United Nations Watch
- Founded: 1993
- Type: Non-governmental organization
- Location: Geneva, Switzerland;
- Fields: UN monitoring, human rights advocacy
- Key people: Alfred H. Moses, Chair; Per Ahlmark, David A. Harris, Co-Chairs; Hillel Neuer, Executive Director Morris B. Abram, Founder
- Website: www.unwatch.org

= UN Watch =

Non-governmental organization

UN Watch is a Geneva-based non-governmental organization (NGO) whose stated mission is "to monitor the performance of the United Nations by the yardstick of its own Charter". UN Watch is not part of the United Nations. It participates at UN as an accredited NGO in Special Consultative Status to the UN Economic and Social Council.

UN Watch is a pro-Israel lobby group, and primarily denounces what it views as anti-Israel sentiment at the UN and UN-sponsored events.

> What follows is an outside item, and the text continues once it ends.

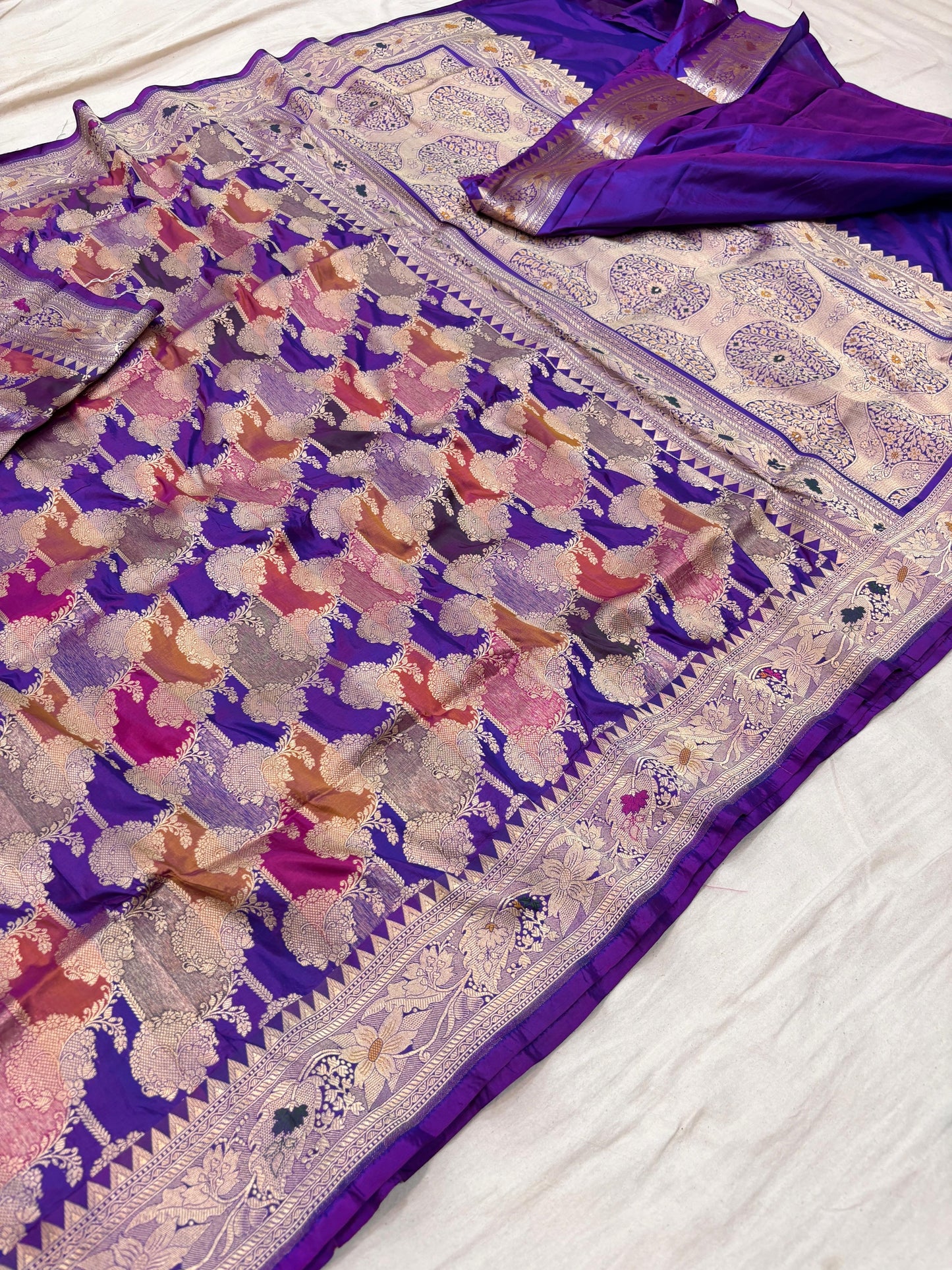 Handmade Banarsi saree rangers saree women sari blouse SaffronFashion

The organisation also denounces human rights abuses including in the Democratic Republic of the Congo, Darfur, China, Cuba, Russia and Venezuela, often using its allotted time at the UNHRC to allow for dissidents and human rights activists to speak.

==Founding==
UN Watch was founded in 1993 under the chairmanship of Morris B. Abram. Abram served as the Chairman of the United Negro College Fund and President of Brandeis University. Abram was active in community affairs as President of the American Jewish Committee (1963–1968); Chairman of the National Coalition Supporting Soviet Jewry (1983–1988); and Chairman of the Conference of Presidents of Major American Jewish Organizations (1986–1989).

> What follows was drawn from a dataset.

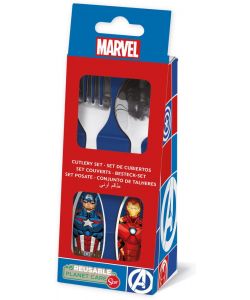 Set 2 posate per bambini in acciaio Avengers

Abram supported the UN as an institution. In 1999, Abram delivered a speech to the U.S. Congress on the subject of the treatment of Israel by the United Nations in which he said "UN Watch categorically supports the UN as an indispensable institution. The US should pay its past dues to the UN as a matter of national honor and in recognition of the UN's importance. In spite of the UN's flaws, it is inconceivable that the US withhold support from the only truly global organization in such an interdependent world."

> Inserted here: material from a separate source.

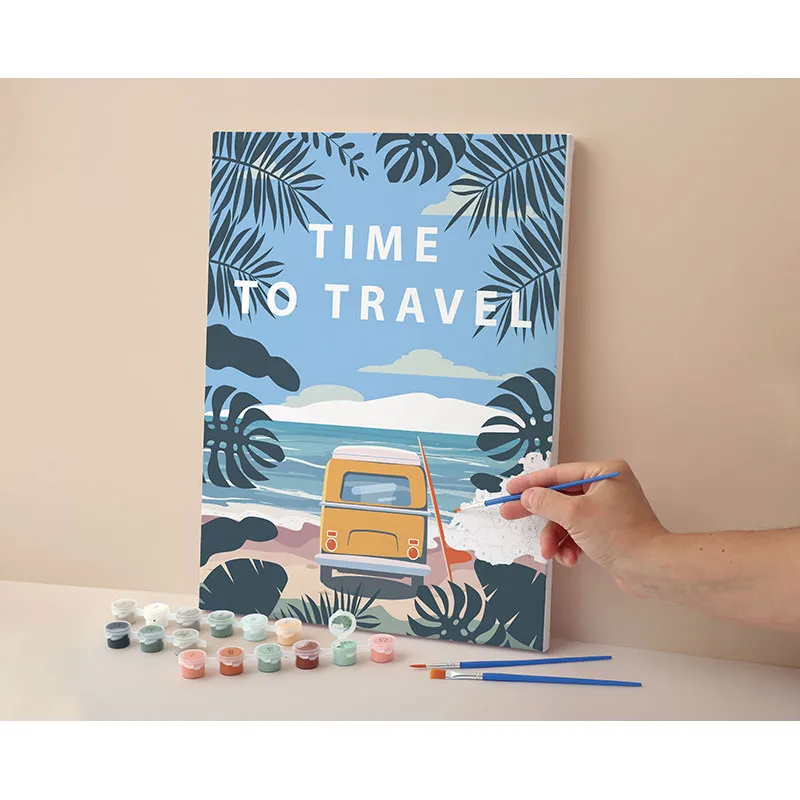 Peinture au numero Time to travel 30x40 - 14+-4
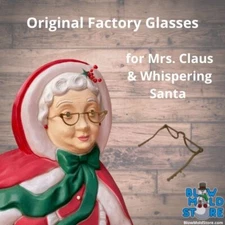 Factory Glasses Mrs Claus & Santa Blow Mold Santa's Best General Foam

After Abram died in 2000, David A. Harris, Executive Director of the American Jewish Committee, was elected Chairman of UN Watch. In 2001, Harris announced that UN Watch had become a wholly owned subsidiary of the American Jewish Committee. According to a press release at the time, "UN Watch was established with the generous assistance of Edgar Bronfman, president of the World Jewish Congress. Eighteen months ago, the American Jewish Committee and the World Jewish Congress reached an agreement, approved by the international board of UN Watch, to transfer full control of the organization to AJC, an agreement that went into effect on January 1, 2001."

==Structure and status==
UN Watch participates at the UN as an accredited NGO in Special Consultative Status to the UN Economic and Social Council (ECOSOC) and as an Associate NGO to the UN Department of Public Information (DPI). It was affiliated with the American Jewish Committee until 2013. UN Watch has participated in the Commission on Human Rights, a Panel Discussion on the United Nations and the Middle East, a Panel Discussion on Proposals to Reform the Commission on Human Rights, the Sub-Commission for the Promotion and Protection of Human Rights, the Committee on the Elimination of Racial Discrimination, and the Working Group on Minorities. A UN Watch seminar in Geneva featured a tour of the Palais des Nations, a visit to the International Red Cross and Red Crescent Museum, and attendance at a meeting of the Committee Against Torture (CAT) with briefings from the Committee's Vice Chair.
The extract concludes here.